SNL Set Designer is Live from the East Side

A chat with Providence resident and Saturday Night Live set designer Eugene Lee


Like many of our favorite events and shows, Saturday Night Live adopted an at-home format toward the close of its 45th season. As election season ramps up, so do our hopes for live episodes in the new fall television season. While no date has been set, the cast returning in some capacity to perform live on stage is reportedly in the cards. Eugene Lee, the show’s longtime set designer, makes his home on Providence’s East Side. We thought this would be the perfect time to revisit Robert Isenberg’s interview with him from last October’s East Side Monthly.

A few years ago, during the writer’s strike, Eugene Lee had some spare time, so he decided to write the story of his life. There’s a lot to tell: Lee has designed sets for decades. He designed the original set for Leonard Bernstein’s Candide, Stephen Sondheim’s Sweeney Todd, and Stephen Schwartz’s Wicked – and won Tony Awards for each.

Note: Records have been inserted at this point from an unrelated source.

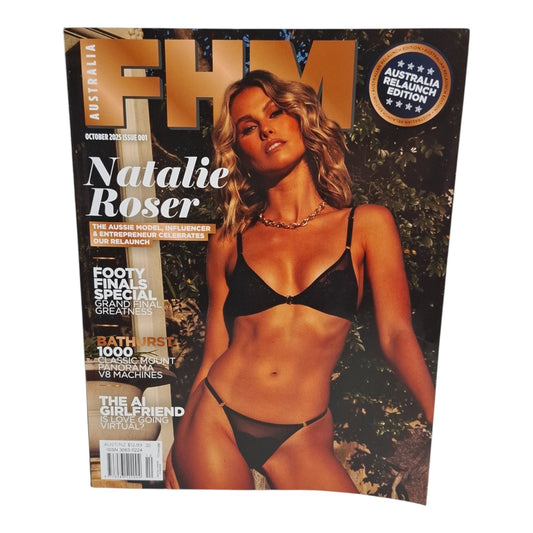 FHM For Him Magazine Australia Magazine October 2025 Natalie Roser Issue 1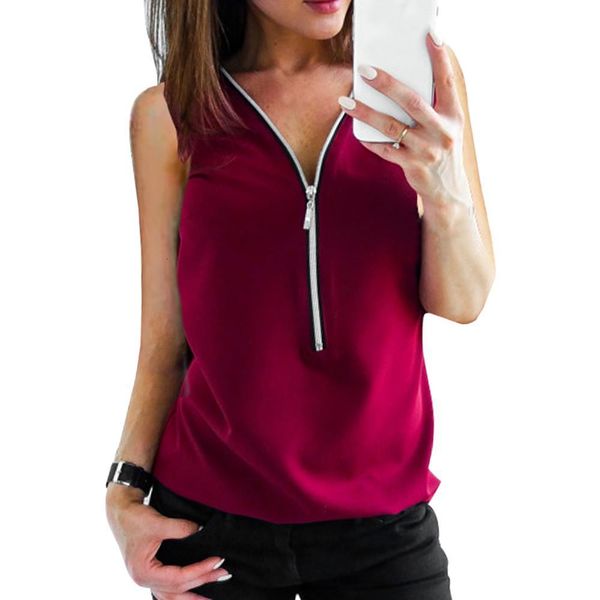 2021 summer sleeeless blouses women clothing est solid color neck shirts loose chiffon zipper blusas mujer women, White
2021 summer sleeeless blouses women clothing est solid color neck shirts loose chiffon zipper blusas mujer women, White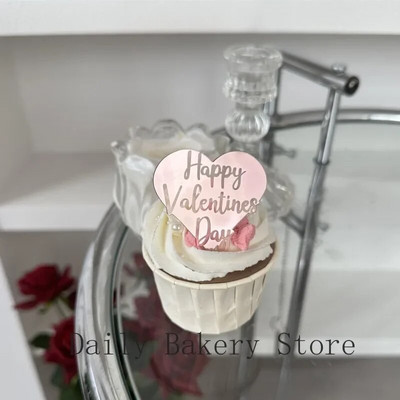 10 tk/komplekt Head sõbrapäeva tassikoogi pealistükid Stiil Armastus Südamemärgistus Akrüülist koogipealne Pulmapeo Magustoidu kaunistus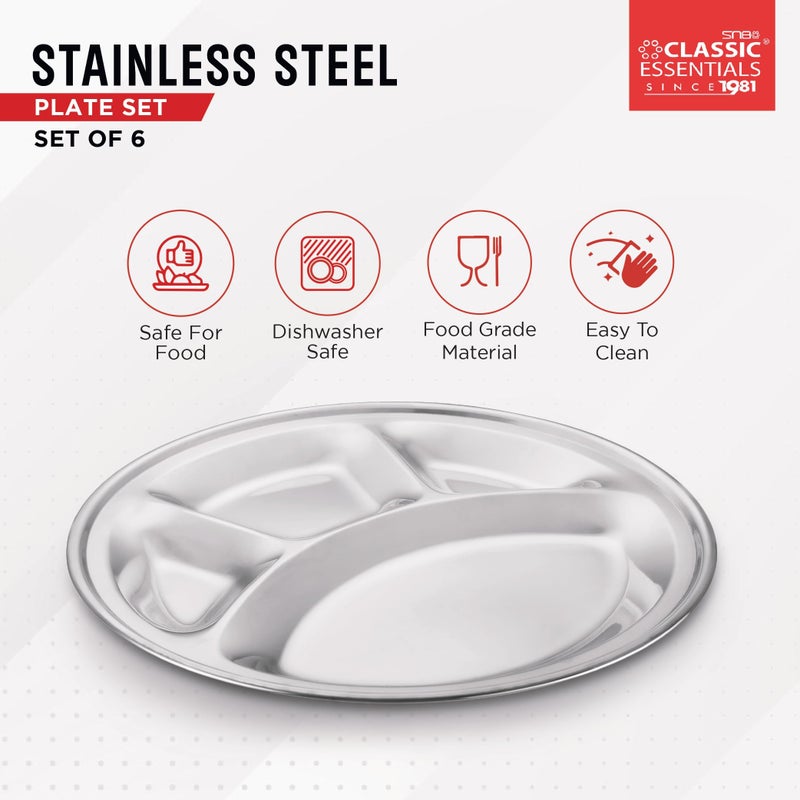 CLASSIC ESSENTIALS Stainless Steel Compartment Plate Bhojan Thali, Lunch/Dinner Plate - Image 3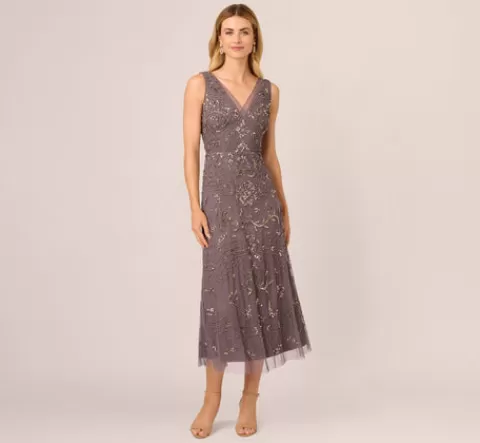 Adrianna Papell Hand-Beaded Ankle-Length Dress In MOONSCAPE Shop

If you’re not a Broadway fan, you’ll still recognize his work: Lee designed Jimmy Fallon’s desk for The Tonight Show. He designed the set for Late Night with Seth Meyers. He’s served as production designer for Saturday Night Live since the show’s first season. When you watch the “Weekend Update” segment, everything you see – except for Michael Che and Colin Jost – was first drafted in Lee’s head.

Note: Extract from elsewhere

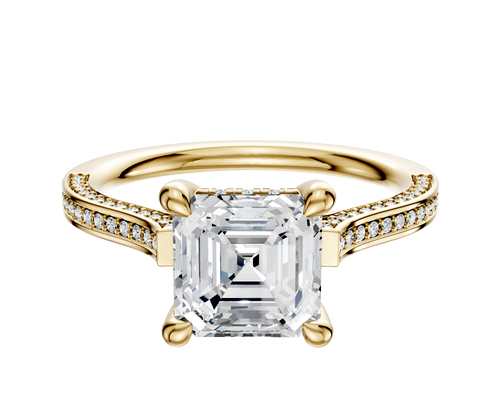 14K Yellow Gold 4 Prong Hidden Halo Cathedral Flat 3-Row-Pave 2.0mm Engagement Ring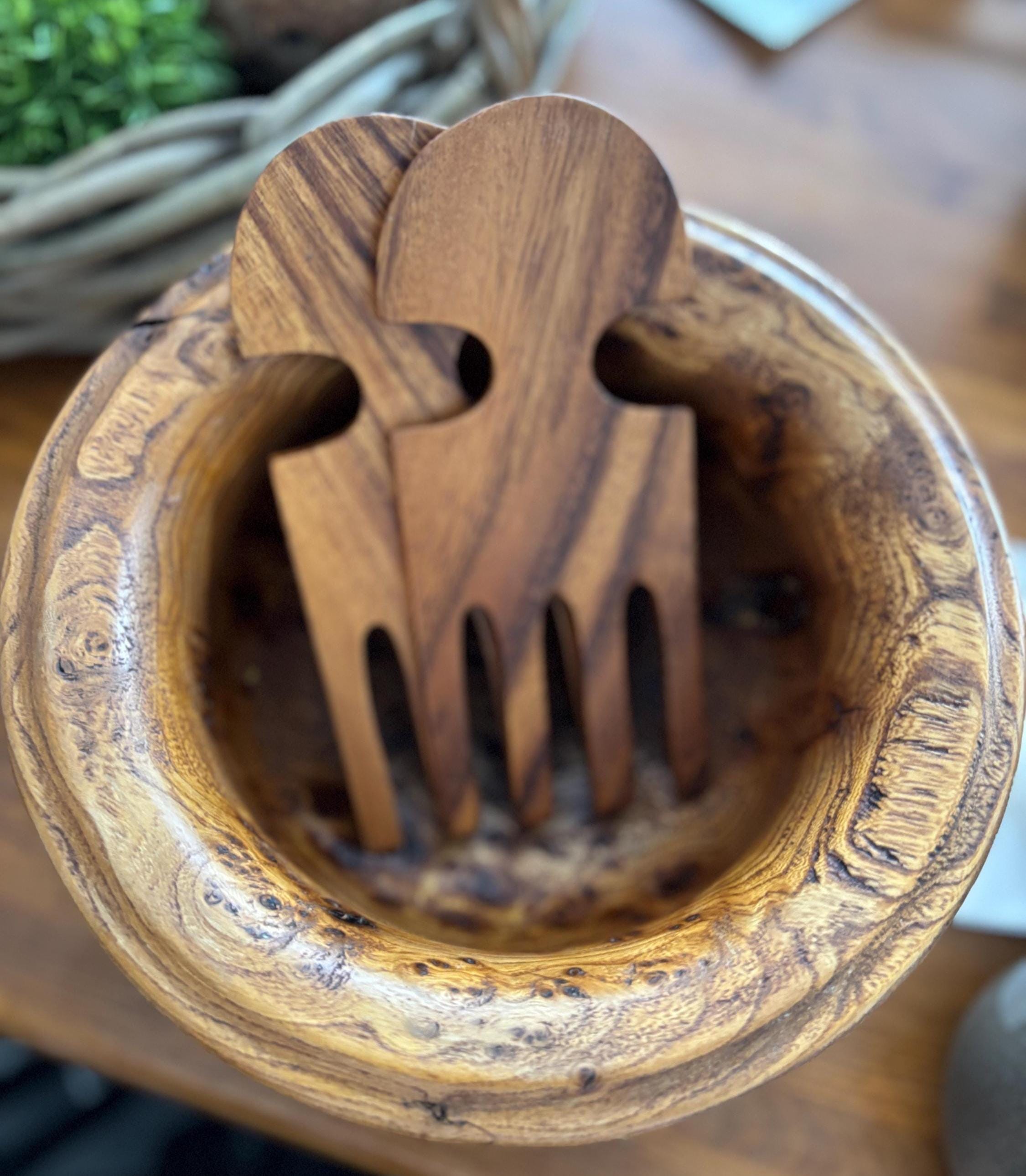 Vintage Burl Wood Salad Bowl Set Wooden Servers Rustic Farmhouse Kitchen Decor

Yet, Lee doesn’t live in New York. He commutes regularly from his home in the East Side, where he lives with his wife Brooke. The Lees live in a historic house previously owned by the Lippitt family.

“Things work,” says Lee, with characteristic understatement. “The dumbwaiters work. All the things you can’t do now because of fire laws. The Victorians knew how to build houses.”

The Lees have lived on the East Side for 20 years. “I always say, you can’t leave the house without running into somebody,” he quips. Together, the couple has left an indelible mark on Providence’s cultural life: Brooke works as an artist and is involved with WaterFire. Lee has served as resident set designer for Trinity Repertory for half a century. Last fall, the couple was honored at the annual FireBall event, a WaterFire fundraiser.

How does he press on, at an age that most people have retired? Lee chuckles, remembering some advice from director Harold Prince. “If you just keep working, you don’t have time to die.”